FreedomBoxBlog

Program Space

Rob van der Hoeven
Sun Dec 29 2013

This is going to be a long read so let me give a quick overview of what you can expect. Lets start with a definition:

Program Space: A lightweight virtual environment for programs designed to restrict the programs running inside the Program Space to their own data and configuration, and to restrict configuration options and runtime behavior to values/behavior that the user finds acceptable.

The definition above is all about what a Program Space should be. It says nothing about how to create and use a Program Space. Thats what this article is about. In this article I will introduce you to a program of mine called psc (Program Space Control), and I will show you how to use this program to create and manage the virtual environment mentioned in the definition.

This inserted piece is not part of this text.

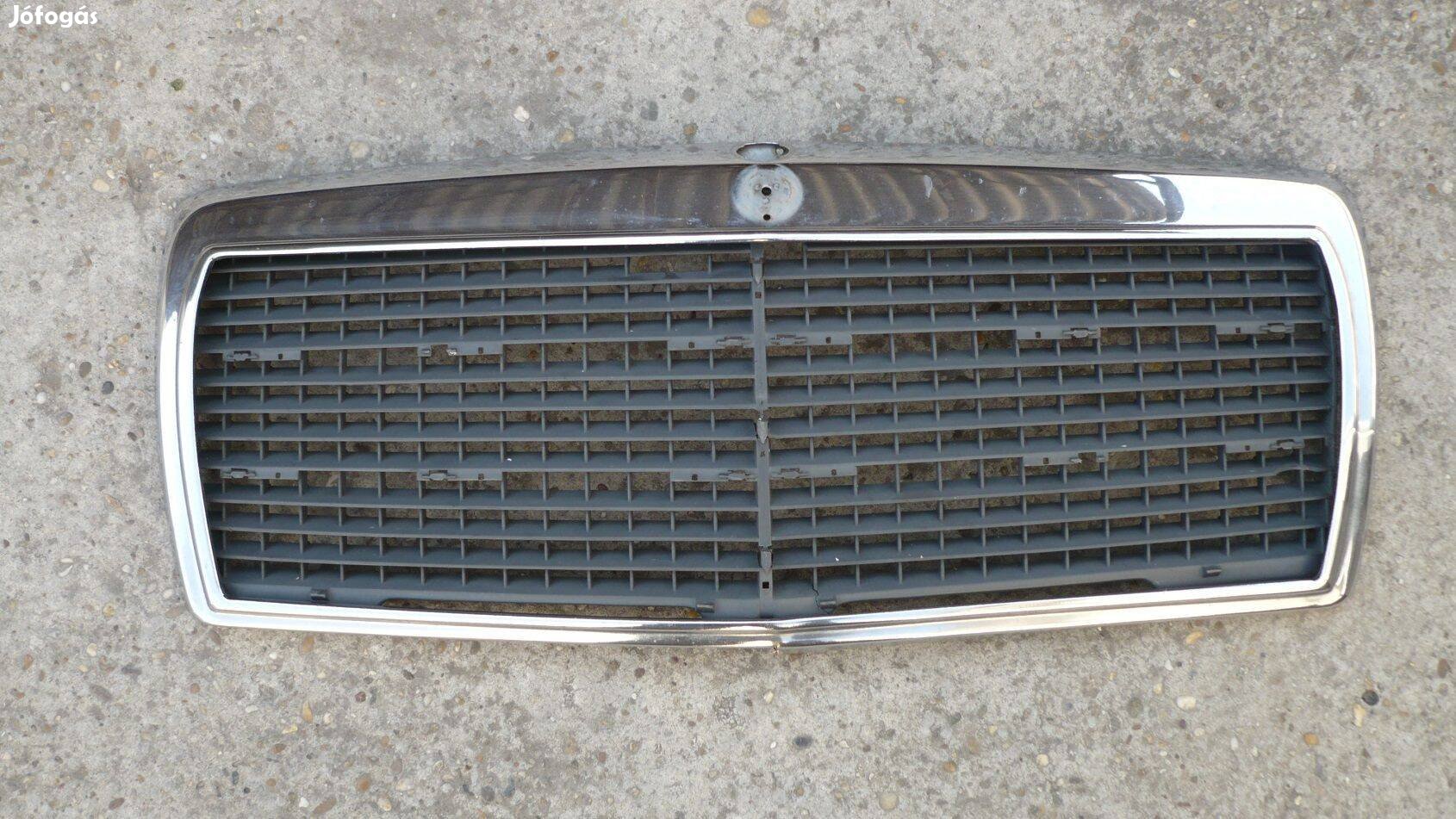 Mercedes W201 (190) hűtőrács, díszrács sérült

As you will learn, working with Program Spaces is easy. In order to create a Program Space named “test” you can simply type:

psc test --create

You can run a program inside this Program Space by typing:

psc test --run [program]

Examples:

psc test --run bash
psc test --run ifconfig
psc test --run top

Psc lets you create and control a virtual environment but does not configure this environment. Configuration is done with scripts that contain a combination of psc commands and ordinary commands like mount, ip, iptables etc. Its the configuration that restricts the programs running inside the Program Space. So if you would type:

psc test --create
psc test --run pstree

You would see no difference with typing the pstree command directly (you would see a tree containing dozens of programs). If however you would run a script to setup a rootfs like:

psc test --create
ps_rootfs test
psc test --run pstree

Then the output would be:

psd───pst───pstree

Apart from the pstree program only two other programs seem to be running, all the other programs running on the system are invisible to the pstree program.

The script ps_rootfs mentioned above is part of the Program Space Construction Set (PSCS) which also contains the source code of the psc program. The PSCS contains a number of sample configuration scripts that will show you how a Program Space can be configured. Besides the rootfs script it contains a network script and scrips to run a LAMP stack (Wordpress Blog) inside Program Space.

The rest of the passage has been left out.